> [Exercise aim] Your response to the data below should hold nothing except the lines from the one containing "Photo du bâtiment - 8 Wellesley St W" down to the one containing "Grill - Image-tags.info", reproduced exactly and without pictures.

____ Available data

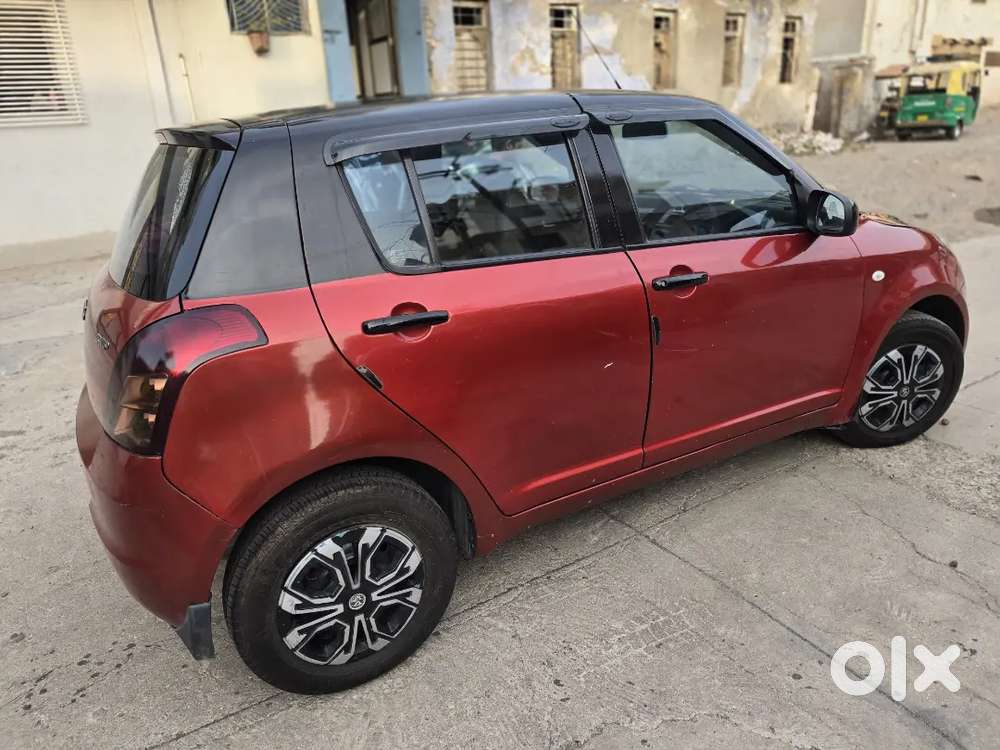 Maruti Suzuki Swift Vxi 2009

________
____ Available data

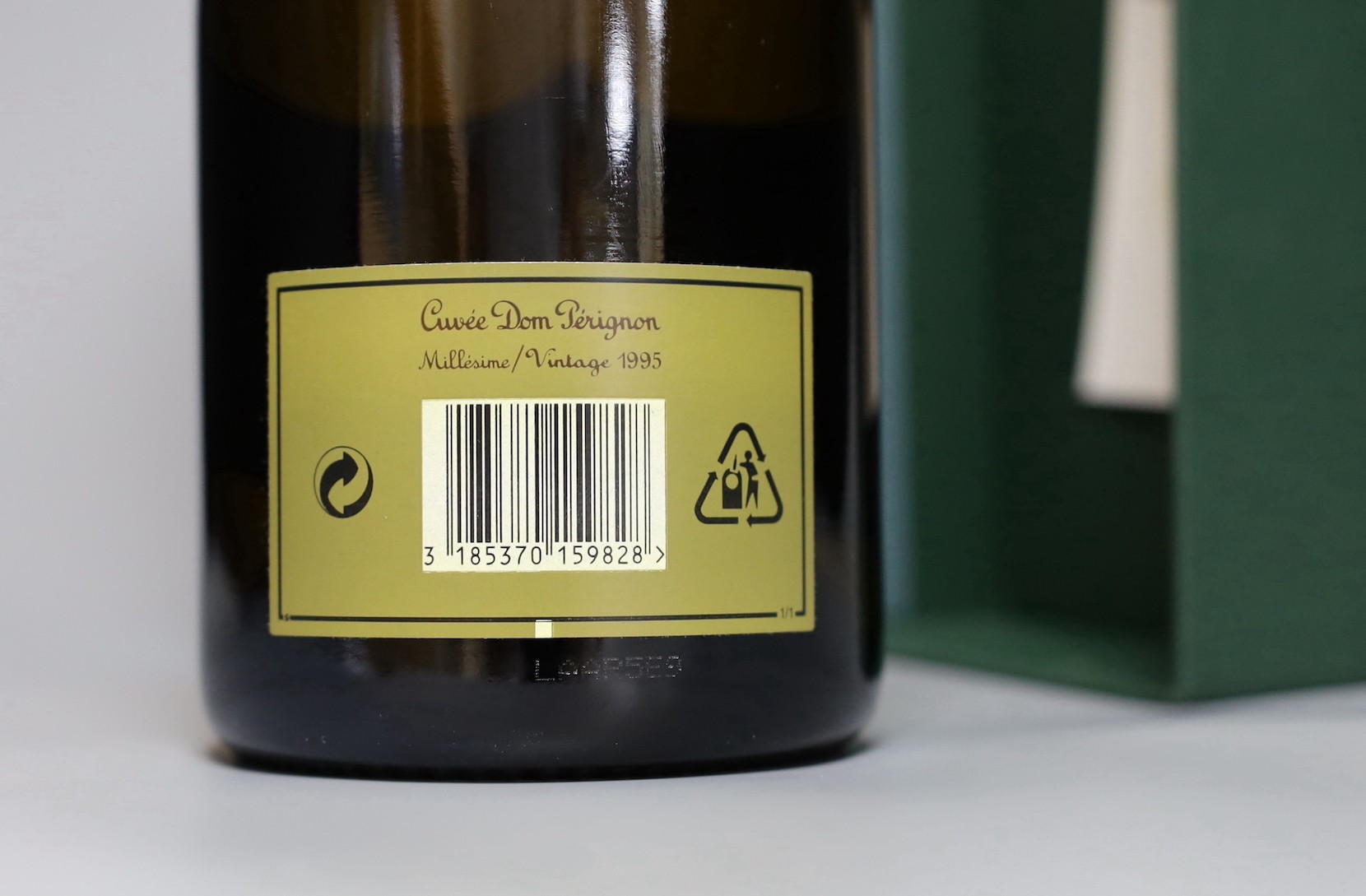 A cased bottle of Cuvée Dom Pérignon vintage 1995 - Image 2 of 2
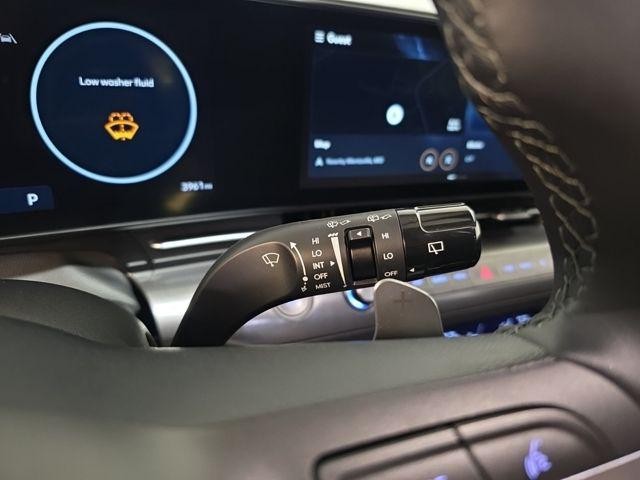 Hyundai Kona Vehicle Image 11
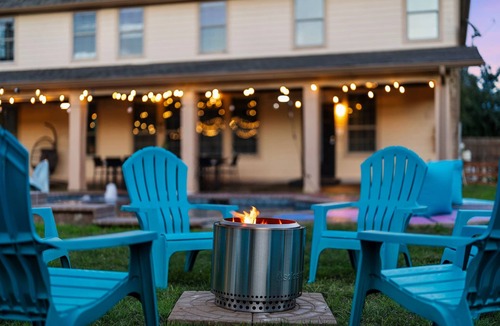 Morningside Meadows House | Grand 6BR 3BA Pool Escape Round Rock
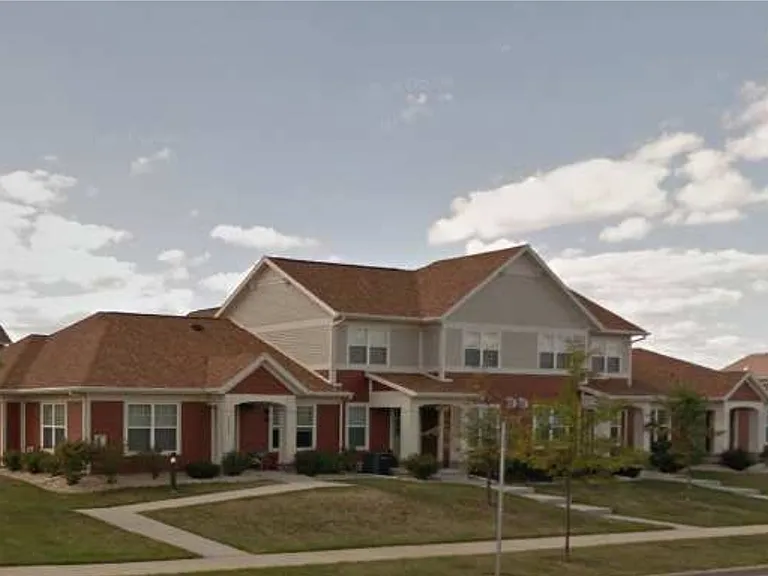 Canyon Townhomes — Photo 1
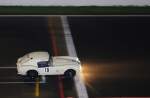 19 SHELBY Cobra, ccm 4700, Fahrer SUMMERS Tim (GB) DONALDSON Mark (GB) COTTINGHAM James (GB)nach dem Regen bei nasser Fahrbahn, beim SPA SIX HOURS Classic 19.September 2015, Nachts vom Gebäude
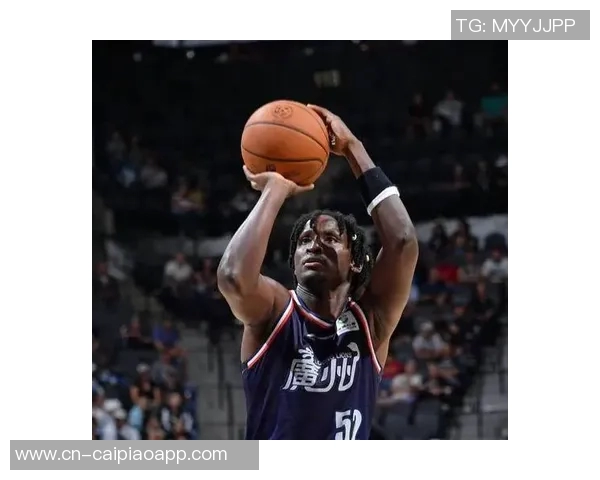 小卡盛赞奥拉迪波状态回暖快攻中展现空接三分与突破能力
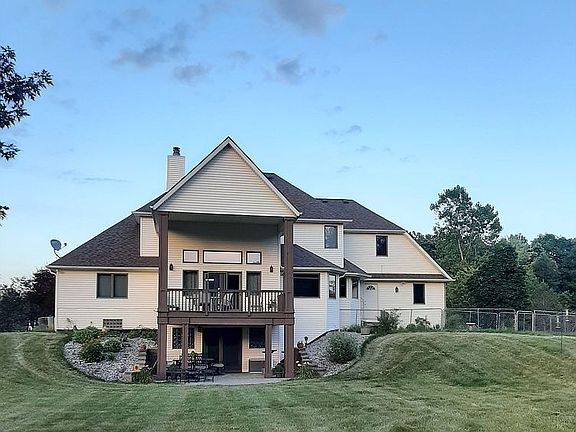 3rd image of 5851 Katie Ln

________
____ Available data

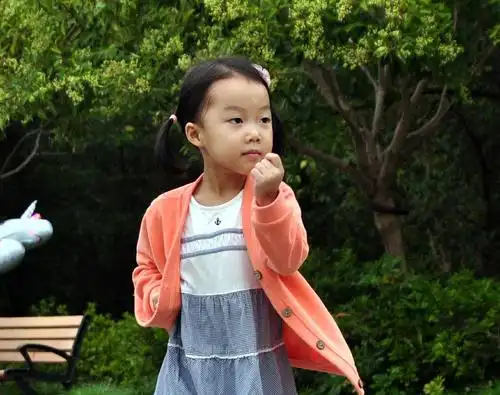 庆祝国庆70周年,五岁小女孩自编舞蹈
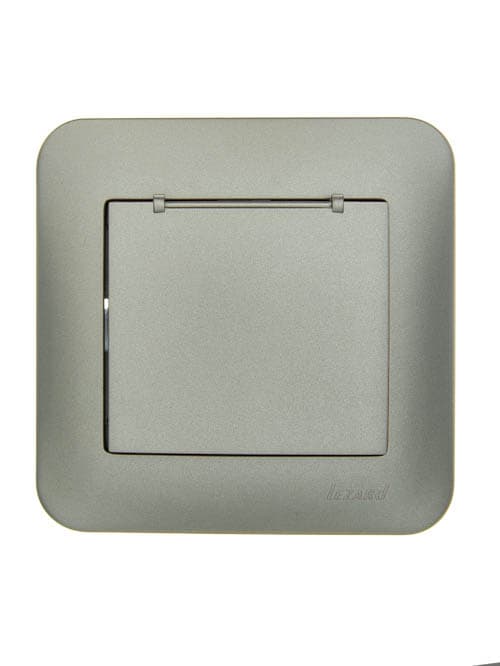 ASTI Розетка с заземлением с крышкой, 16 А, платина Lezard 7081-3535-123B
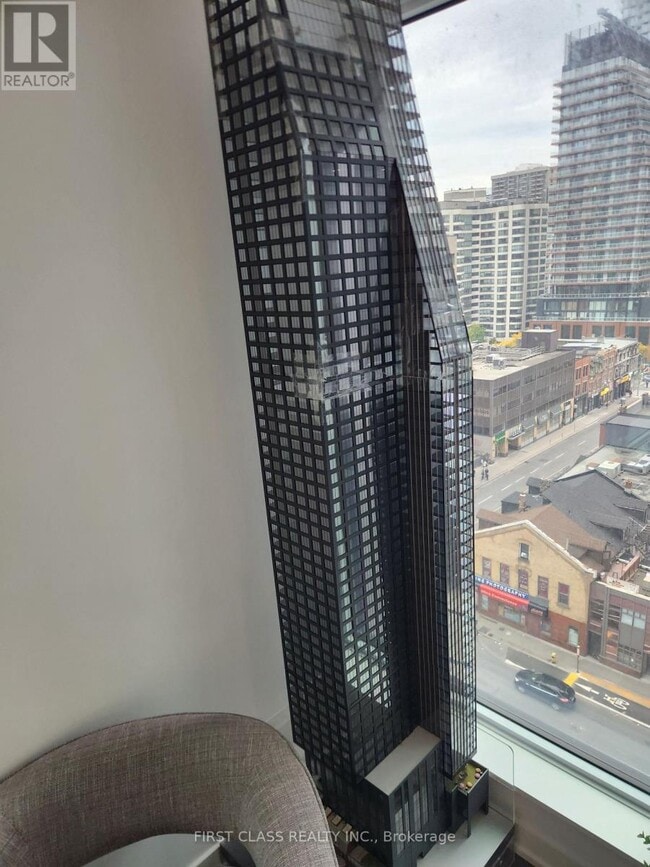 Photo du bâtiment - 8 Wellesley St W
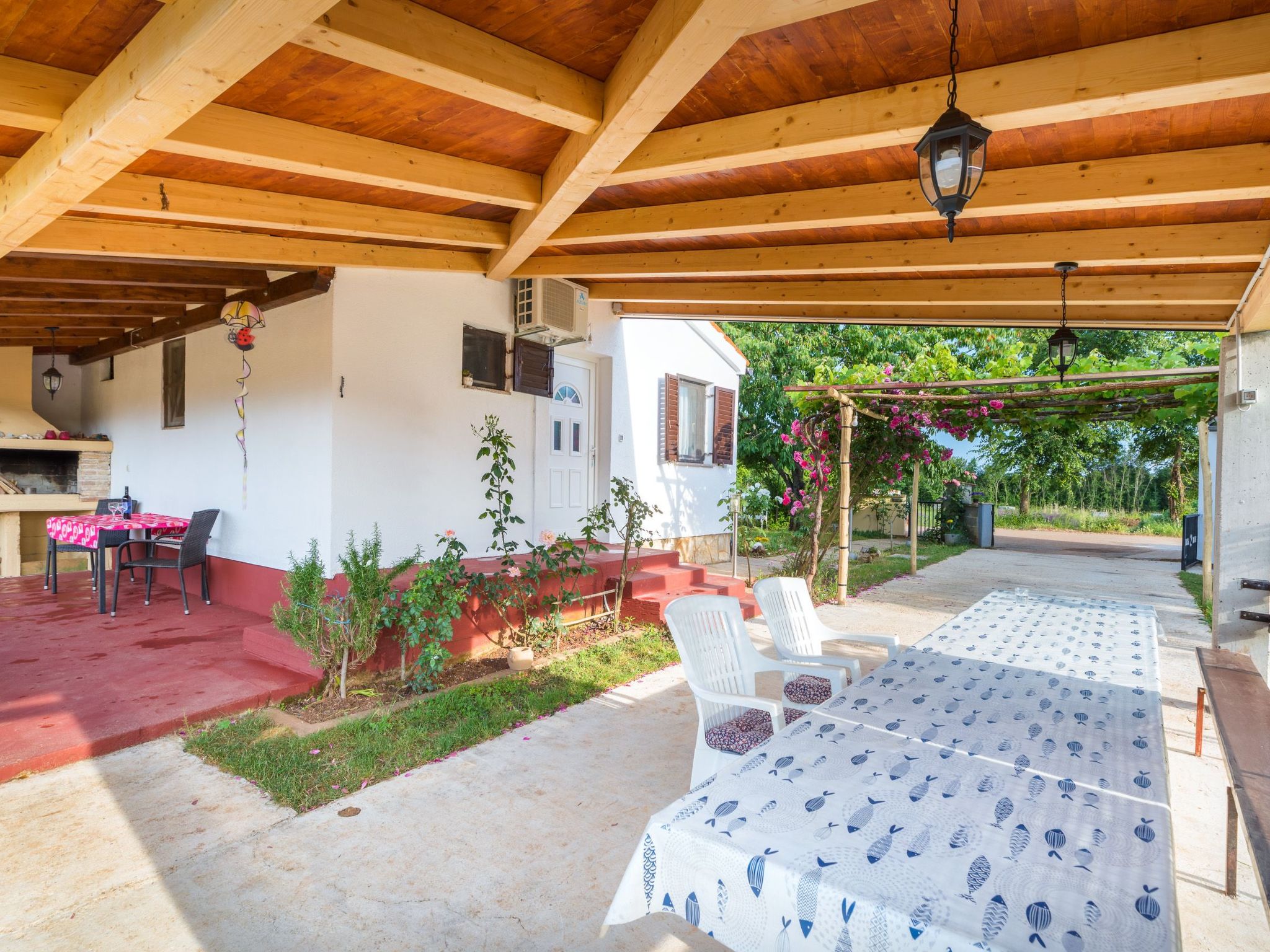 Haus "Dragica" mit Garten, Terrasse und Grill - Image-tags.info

________

> [Result below]
 Photo du bâtiment - 8 Wellesley St W
 Haus "Dragica" mit Garten, Terrasse und Grill - Image-tags.info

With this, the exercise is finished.